People who were close to Porter, including her children, claimed that the 59-page book, “Kim’s Lost Words: A Journey for Justice, From the Other Side…,” was not real. Despite this, it made its way to the top spot on the Amazon list in September after Combs was indicted and arrested on sex trafficking and racketeering charges.
“We were made aware of a dispute regarding this title and have notified the publisher,” an Amazon spokesperson said in a statement, according to multiple media outlets. “The book is not currently available for sale in our store.”
Amazon’s decision to remove the book also comes after an attorney for musician Albert Joseph Brown, known professionally as Al B. Sure!, whose son Quincy Brown is Porter’s child, sent cease-and-desist letters to Amazon and to the person who published the book.
In a social media post on Sept. 23, Albert Brown wrote that there is a “significant suit headed right for the heads of the responsible parties who dragged my name into this bullshit.”
Quincy Brown and Porter’s three children with Combs signed a statement that the book is not real.
“Claims that our mom wrote a book are simply untrue. She did not and anyone claiming to have a manuscript is misrepresenting themselves,” they wrote. “Additionally, please understand that any so-called ‘friend’ speaking on behalf of our mom or her family is not a friend. Nor do they have her best interests at heart.”
An attorney for Combs also claimed the book was ”fake” and “a shameless attempt to profit from tragedy.”
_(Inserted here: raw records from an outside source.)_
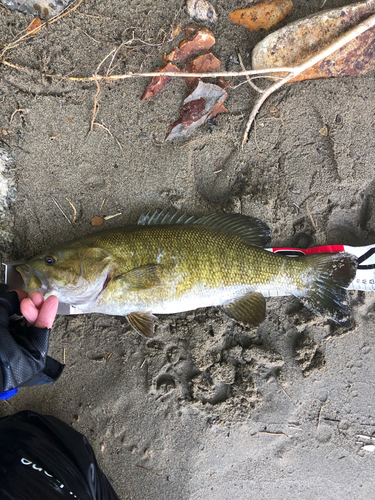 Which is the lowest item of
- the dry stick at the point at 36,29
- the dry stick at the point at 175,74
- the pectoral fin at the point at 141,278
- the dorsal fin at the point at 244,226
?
the dorsal fin at the point at 244,226

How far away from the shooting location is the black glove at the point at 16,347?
2.13m

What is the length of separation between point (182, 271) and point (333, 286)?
1342 mm

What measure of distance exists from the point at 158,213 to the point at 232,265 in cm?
79

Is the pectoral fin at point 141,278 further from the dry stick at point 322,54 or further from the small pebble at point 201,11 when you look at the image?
the small pebble at point 201,11

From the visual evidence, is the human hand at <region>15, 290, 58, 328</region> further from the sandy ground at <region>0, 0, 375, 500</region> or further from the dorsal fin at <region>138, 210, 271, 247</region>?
the dorsal fin at <region>138, 210, 271, 247</region>

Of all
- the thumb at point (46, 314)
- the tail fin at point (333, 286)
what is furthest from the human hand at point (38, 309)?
the tail fin at point (333, 286)

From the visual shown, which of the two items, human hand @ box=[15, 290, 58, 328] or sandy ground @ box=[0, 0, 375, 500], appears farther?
sandy ground @ box=[0, 0, 375, 500]

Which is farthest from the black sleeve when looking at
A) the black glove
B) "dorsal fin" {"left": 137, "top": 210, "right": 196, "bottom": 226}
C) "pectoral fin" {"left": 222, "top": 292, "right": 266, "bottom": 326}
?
"dorsal fin" {"left": 137, "top": 210, "right": 196, "bottom": 226}

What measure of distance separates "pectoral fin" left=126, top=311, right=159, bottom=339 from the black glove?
25.1 inches

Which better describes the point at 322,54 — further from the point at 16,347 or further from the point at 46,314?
the point at 16,347

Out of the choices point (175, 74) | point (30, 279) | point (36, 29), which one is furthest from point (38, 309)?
point (36, 29)

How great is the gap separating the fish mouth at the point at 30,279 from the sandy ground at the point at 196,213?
48 cm

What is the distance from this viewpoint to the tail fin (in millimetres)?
2707

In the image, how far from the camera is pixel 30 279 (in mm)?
2393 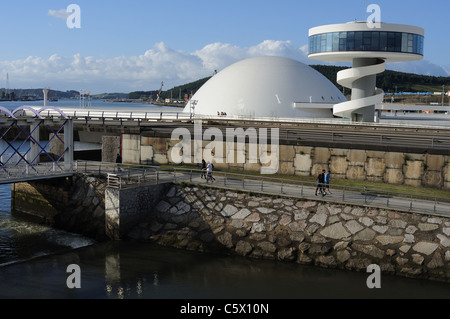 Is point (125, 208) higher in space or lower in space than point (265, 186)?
lower

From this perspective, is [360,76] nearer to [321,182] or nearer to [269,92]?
[269,92]

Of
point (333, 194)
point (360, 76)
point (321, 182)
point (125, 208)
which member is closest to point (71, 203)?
point (125, 208)

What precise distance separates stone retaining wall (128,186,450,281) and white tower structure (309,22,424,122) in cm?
3558

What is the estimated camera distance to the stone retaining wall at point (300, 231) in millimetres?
22625

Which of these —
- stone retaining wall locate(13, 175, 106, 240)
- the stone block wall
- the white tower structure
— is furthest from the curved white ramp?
stone retaining wall locate(13, 175, 106, 240)

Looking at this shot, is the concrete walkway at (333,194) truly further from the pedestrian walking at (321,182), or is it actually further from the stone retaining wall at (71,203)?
the stone retaining wall at (71,203)

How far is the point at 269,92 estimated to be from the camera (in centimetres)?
6962

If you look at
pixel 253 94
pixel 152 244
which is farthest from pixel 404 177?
pixel 253 94

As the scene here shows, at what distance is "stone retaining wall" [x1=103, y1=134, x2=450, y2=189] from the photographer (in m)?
28.7

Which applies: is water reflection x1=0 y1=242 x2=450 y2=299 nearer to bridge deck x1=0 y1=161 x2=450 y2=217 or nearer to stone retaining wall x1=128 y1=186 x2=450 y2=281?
stone retaining wall x1=128 y1=186 x2=450 y2=281

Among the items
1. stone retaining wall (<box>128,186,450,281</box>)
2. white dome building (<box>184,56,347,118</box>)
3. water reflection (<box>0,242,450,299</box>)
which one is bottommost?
water reflection (<box>0,242,450,299</box>)

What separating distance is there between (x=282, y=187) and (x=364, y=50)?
35062 mm

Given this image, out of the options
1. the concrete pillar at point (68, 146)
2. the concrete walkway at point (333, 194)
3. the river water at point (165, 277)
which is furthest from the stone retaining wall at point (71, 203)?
the concrete walkway at point (333, 194) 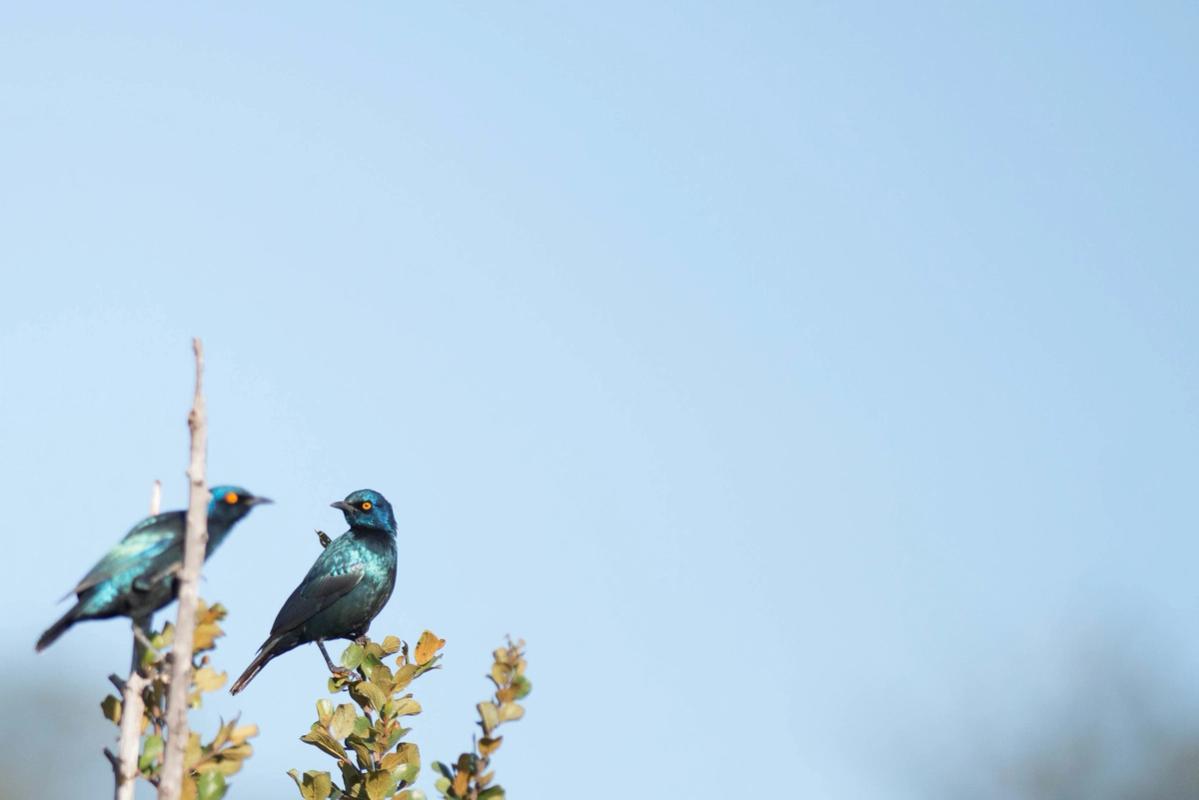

The book was published by author, producer and journalist Todd Christopher Guzze, who goes by the name Chris Todd and went by the pseudonym Jamal T. Millwood to publish the title. According to The Associated Press, Todd claimed that sources “very close to Kim and Sean Combs” gave him a “flash drive, documents and tapes” that he used to create the book.
Rolling Stone reported that the book had multiple typos and factual errors. Todd declined to expand on how, if at all, he fact-checked the book’s content.
“If somebody put my feet to the fire and they said, ‘Life or death, is that book real?’ I have to say I don’t know. But it’s real enough to me,” Todd told Rolling Stone. “Sometimes you have to just put it out there. Maybe not 100 percent of the book is true, but maybe 80 percent is. That is to get those people to come forward and either corroborate or deny, and that helps me as an investigator to know the truth.”
Porter died at age 47 on Nov. 15, 2018, at her home in the Los Angeles area, reportedly of lobar pneumonia.